Less likely it was the wrong lens, more likely the projector aperture plate wasn’t fully inserted. No lens would project sprocket holes unless the projector was a 35/70, but then the lens used for 70mm projection would show 35mm as a “postage stamp” image in the middle of the screen. The sound track offset 21 frames, advanced, because the sound head is 21 frames downstream of the aperture.
On your comment about the 50% of film being audio, I think audio was more important for Star Wars than for any previous film. And it wasn't just the technology in projecting the sound. It was also the layers in the mix of producing the sound.
Lets not debate that one. There were many films before Star Wars that broke ground with sound, including introducing new soundtrack formats. Sound has to be considered pretty important to bring out a new soundtrack format. Remember the era this all happened in. Dolby Stereo was only a few years old, but introduced a compatible (to mono) track that could not only handle 4 channel surround, but installation required calibration, the equalization of each speaker/channel, which had never been done before (Academy mono is a well defined, but very low bandwidth curve). Equalized theaters, extending the dynamic range of optical sound, and still providing backwards compatibility was Dolby Stereo’s big contribution to film sound.

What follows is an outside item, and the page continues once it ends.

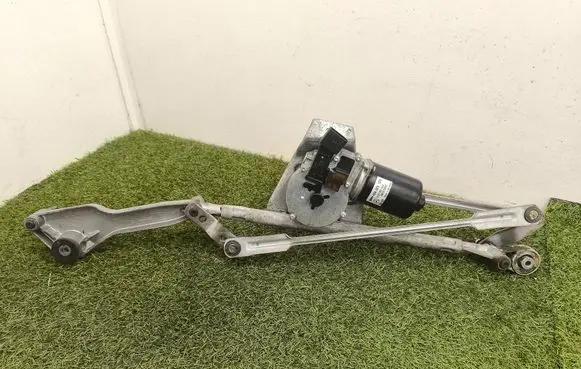 Mercedes-Benz R AMG W251 Front wiper linkage and motor A2518201442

At the time of Star Wars release it was well recognized that 70mm 6-track magnetic sound was far superior to anything optical, with 70mm having a linear speed faster than tape (22.5 inches per second), with fairly thick oxide coating, it had a pretty big advantage. When Dolby A noise reduction was applied, and nudged the dynamic range up, it was the desired format for Star Wars, as it had been for other previous films. There had already been various track and speaker plans for 70mm mag, so it wasn’t that big a deal that Star Wars was Dolby’s chance to try another one, their Baby Boom plan, which rather than use 5 full-bandwidth speakers behind screen, used only L, C and R, and used the other two as bass extension. And that became the basis for THX theater sound years later.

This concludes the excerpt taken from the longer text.